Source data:
###

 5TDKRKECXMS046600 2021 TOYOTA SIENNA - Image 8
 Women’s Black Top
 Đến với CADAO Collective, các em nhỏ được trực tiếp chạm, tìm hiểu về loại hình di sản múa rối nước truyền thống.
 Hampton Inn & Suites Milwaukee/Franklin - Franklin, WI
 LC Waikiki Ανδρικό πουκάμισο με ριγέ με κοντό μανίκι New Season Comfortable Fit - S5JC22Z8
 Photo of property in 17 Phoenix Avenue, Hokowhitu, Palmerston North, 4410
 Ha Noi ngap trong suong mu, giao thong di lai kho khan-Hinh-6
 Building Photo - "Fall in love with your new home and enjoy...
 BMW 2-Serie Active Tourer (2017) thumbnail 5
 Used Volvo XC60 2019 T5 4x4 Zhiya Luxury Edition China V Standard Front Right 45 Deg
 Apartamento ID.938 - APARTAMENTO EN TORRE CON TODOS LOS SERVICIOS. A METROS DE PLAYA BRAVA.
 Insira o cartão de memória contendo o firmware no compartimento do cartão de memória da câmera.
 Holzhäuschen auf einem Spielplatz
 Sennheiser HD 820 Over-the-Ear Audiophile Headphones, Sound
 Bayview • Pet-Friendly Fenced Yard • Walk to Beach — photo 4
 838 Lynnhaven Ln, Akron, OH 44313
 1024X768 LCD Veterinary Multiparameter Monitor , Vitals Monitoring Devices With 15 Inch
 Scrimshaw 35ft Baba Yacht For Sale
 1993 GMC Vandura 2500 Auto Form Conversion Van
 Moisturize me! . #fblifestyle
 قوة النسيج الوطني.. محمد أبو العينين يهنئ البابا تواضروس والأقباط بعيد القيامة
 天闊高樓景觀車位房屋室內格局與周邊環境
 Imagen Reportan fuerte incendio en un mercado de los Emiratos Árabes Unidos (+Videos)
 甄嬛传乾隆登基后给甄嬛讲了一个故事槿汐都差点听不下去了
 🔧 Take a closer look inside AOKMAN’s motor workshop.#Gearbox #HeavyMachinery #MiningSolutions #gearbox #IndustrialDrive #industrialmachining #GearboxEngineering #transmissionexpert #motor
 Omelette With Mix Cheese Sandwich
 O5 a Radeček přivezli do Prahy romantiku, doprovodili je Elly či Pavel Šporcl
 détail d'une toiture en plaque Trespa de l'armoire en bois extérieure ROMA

###

TASK DESCRIPTION - Above are the records; copy exactly the lines from the one with "1993 GMC Vandura" through the final line.

SOLUTION BELOW -
 1993 GMC Vandura 2500 Auto Form Conversion Van
 Moisturize me! . #fblifestyle
 قوة النسيج الوطني.. محمد أبو العينين يهنئ البابا تواضروس والأقباط بعيد القيامة
 天闊高樓景觀車位房屋室內格局與周邊環境
 Imagen Reportan fuerte incendio en un mercado de los Emiratos Árabes Unidos (+Videos)
 甄嬛传乾隆登基后给甄嬛讲了一个故事槿汐都差点听不下去了
 🔧 Take a closer look inside AOKMAN’s motor workshop.#Gearbox #HeavyMachinery #MiningSolutions #gearbox #IndustrialDrive #industrialmachining #GearboxEngineering #transmissionexpert #motor
 Omelette With Mix Cheese Sandwich
 O5 a Radeček přivezli do Prahy romantiku, doprovodili je Elly či Pavel Šporcl
 détail d'une toiture en plaque Trespa de l'armoire en bois extérieure ROMA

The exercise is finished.